The same has always been true for programming: with the exception of science based algoritms beyond my imagination (think perlin noise) it's more efficient to just look atthe problem, think of a soluition and wrote one (at least for me) and then I don't care if I spend more time on it than someone else would. How would I know anyway.

For the record: some time ago Frans G and I had good laught about his conversation with chat that ended up with funy mixups of context and latex syntax (commands, color specifications etc) but chat was very pleased about the positive feedback which was then not applied. He turned it into a MAPS article.
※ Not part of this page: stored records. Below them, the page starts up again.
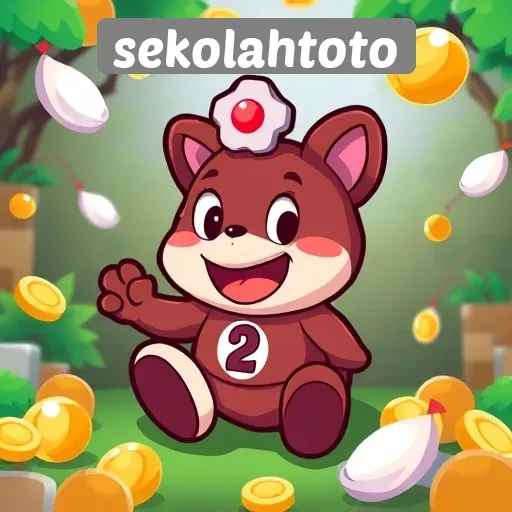 Fitur-Fitur Menarik di Sekolahtoto untuk Pecinta Game
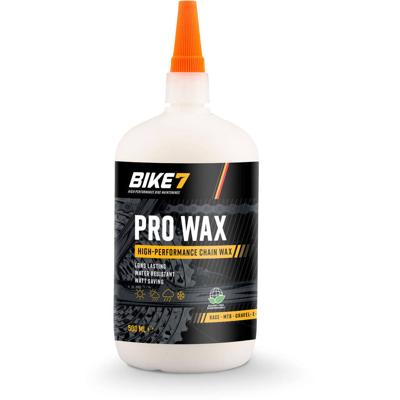 Bike7 - pro wax 500ml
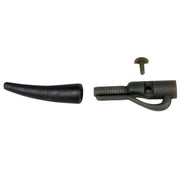 Clip Konger Team Carp Safety Lead cu Surub 3buc/plic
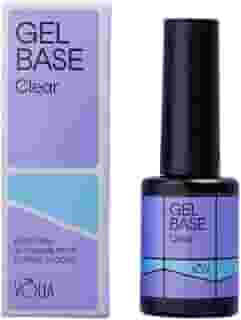 Gel Capa Base Frasco Vòlia 9g Auto Nivelante
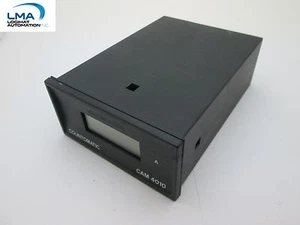 ELECTROMATIC CAM 4010 COUNTOMATIC 6 DIGIT *** NEW - Bild 1 von 3
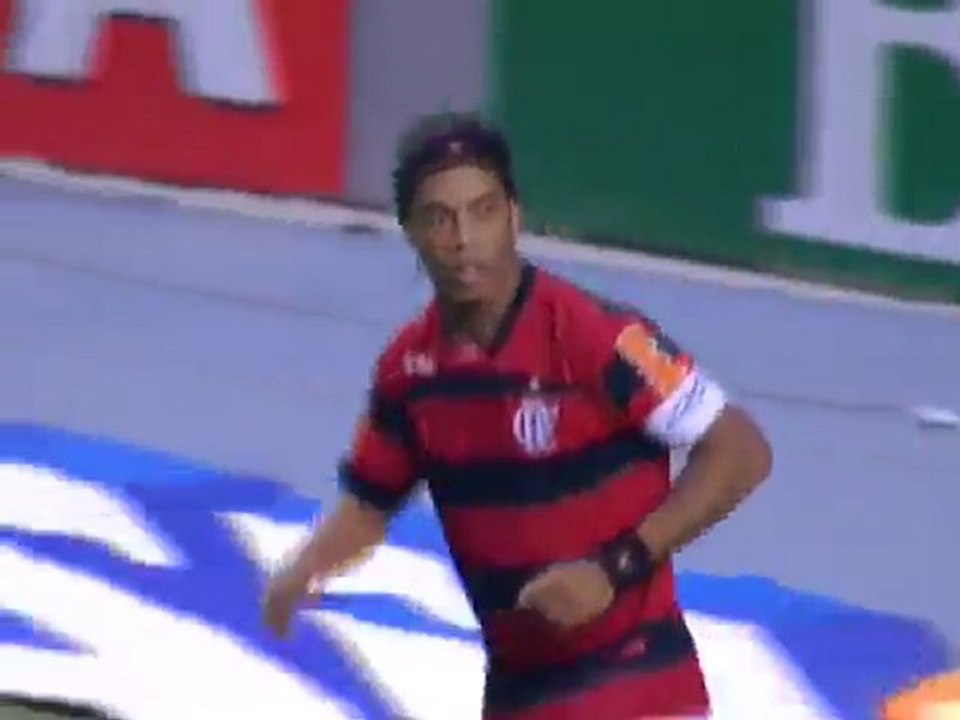 Flamengo 1x0 São Paulo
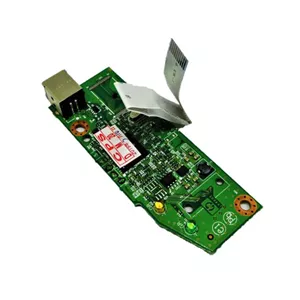 برد فرمتر پرینتر اچ پی مدل HP 607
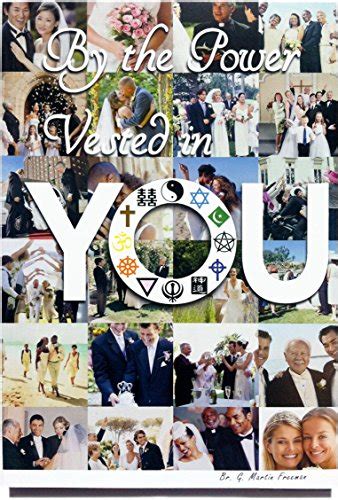 By the power vested in you how to officiate a wedding a guide for ordained ministers. - Untersuchungen über die reaktionszeit bei dauerbeobachtung.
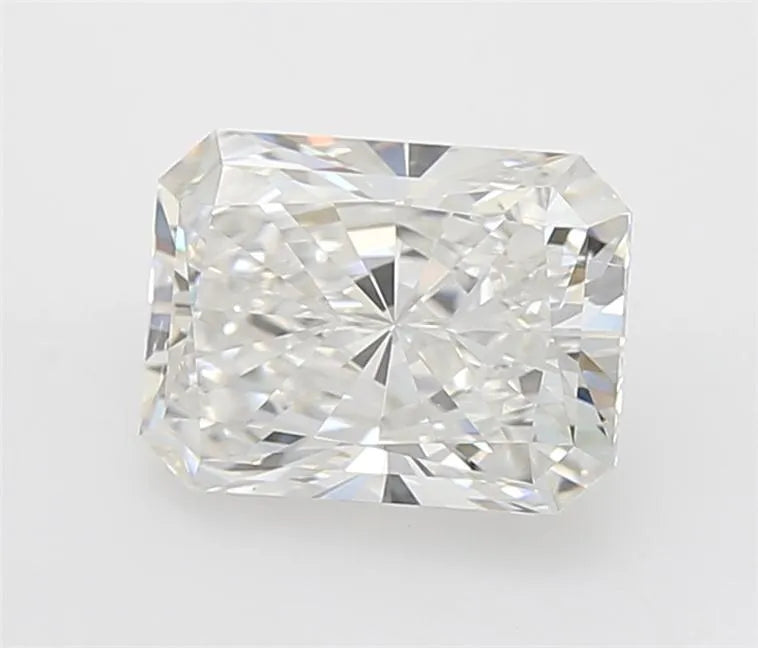 1.21ct Radiant Lab Grown Diamond (Colour F, Clarity VS2, IGI Certified)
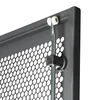 Шкаф телекоммуникационный напольный 42U 600x800мм, серия TFC (SNR-TFC-426080-CPDP-B-SF)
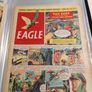 eagle comics Image 7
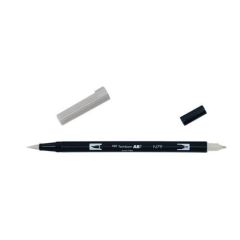 Tombow ABT dubbele brushpen warm grey2 ABT-N79 *
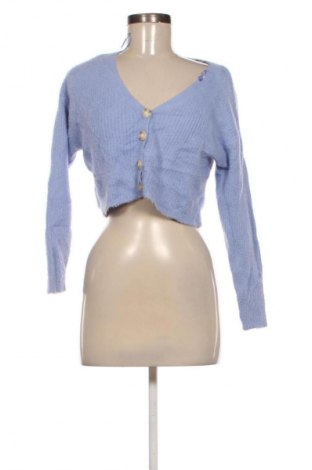 Női kardigán Bershka, Méret XS, Szín Lila, Ár 2 819 Ft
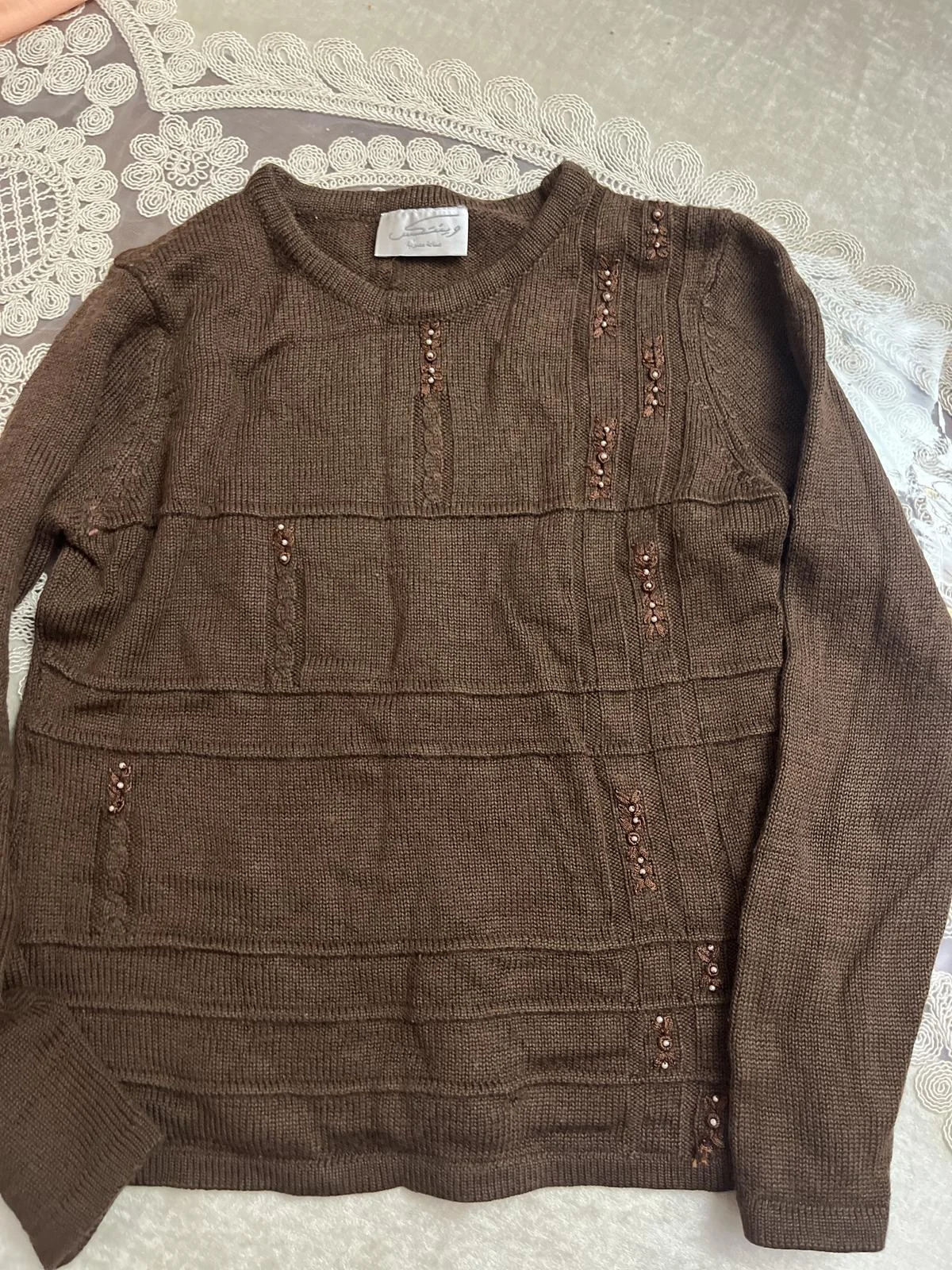 Sweaters & Pullovers, size S / 36 / 8, photo 1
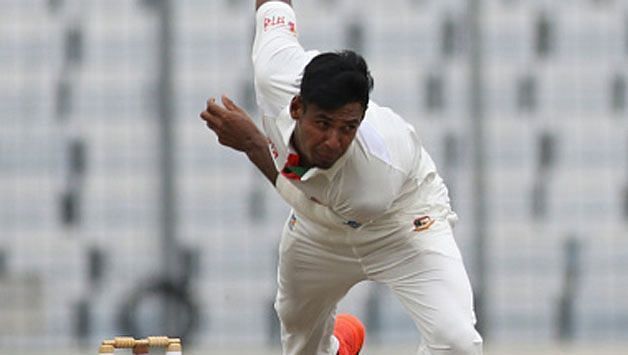 Mustafizur Rahman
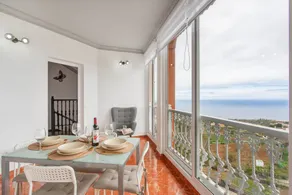 Vacation Home 'Tajinaste' with Sea View, Private Terrace and Wi-Fi - Image 4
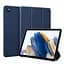 Чехол SlimTPU Samsung Galaxy Tab A9 8.7 SM-X110 SM-X115 Синий - миниатюра 1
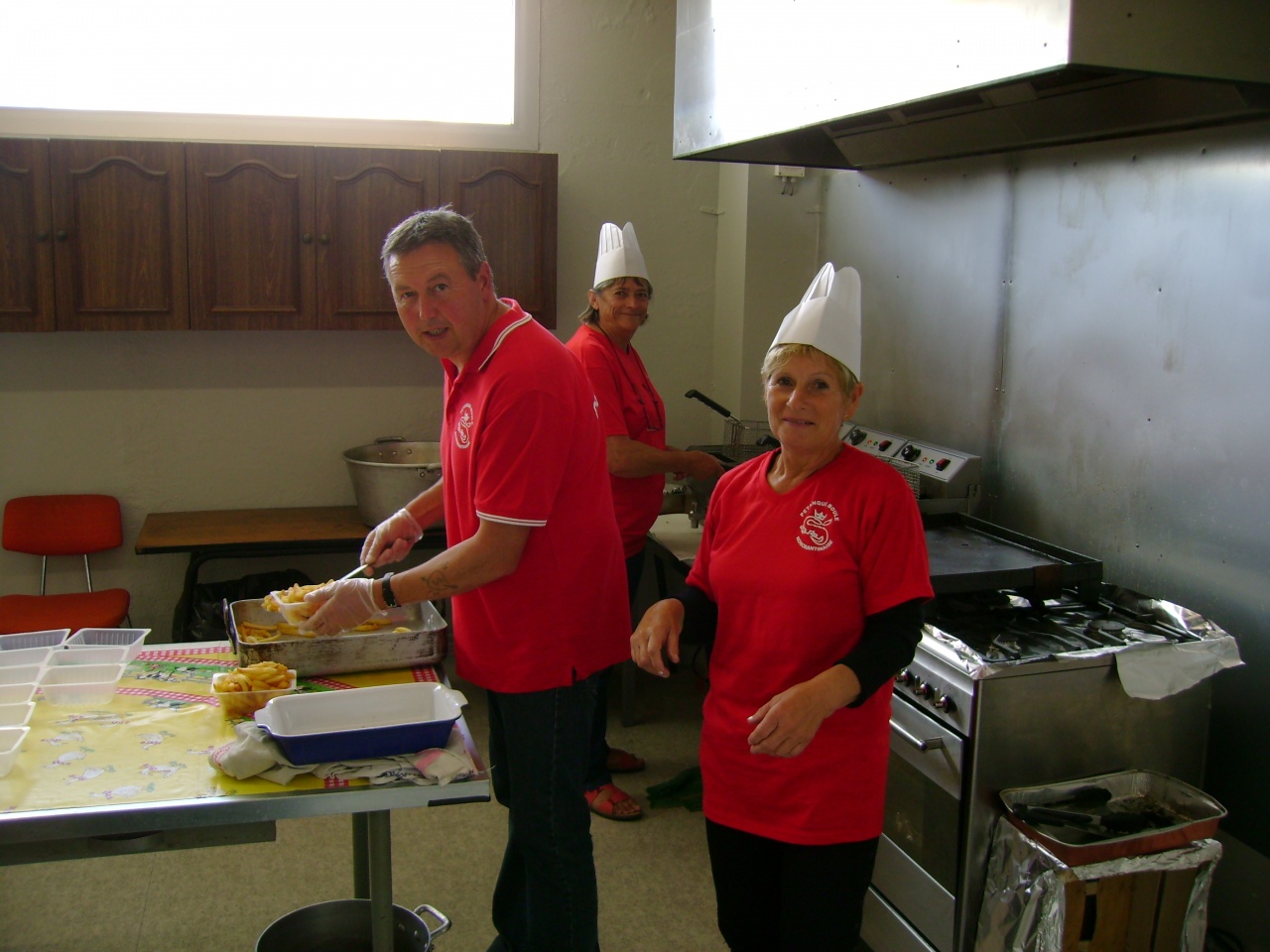 ROMORANTIN LIGUE DU CENTRE 2014 ROMORANTIN LIGUE DU CENTRE 2014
How are users supposed to know the truth, that is the question.

But also keep in mind that one can find rather weird *human* comments on ther web (like SE) on e.g. context from non-users that makes one wonder if they ever looked at it or are capable figuring out tex (beyond their narrow scope) at all. And those are indeed humans, maybe even considered experts. Part of the problem is that anyone can write / bash / complain / suggest anything these days and some actually could have benefit from cheecking-by-ai first. When I first ran into what was assumes ai, it actually was called 'expert systems' (prolog, lisp times) and as far as i understood experts were supposed to be involved, not web scrapers.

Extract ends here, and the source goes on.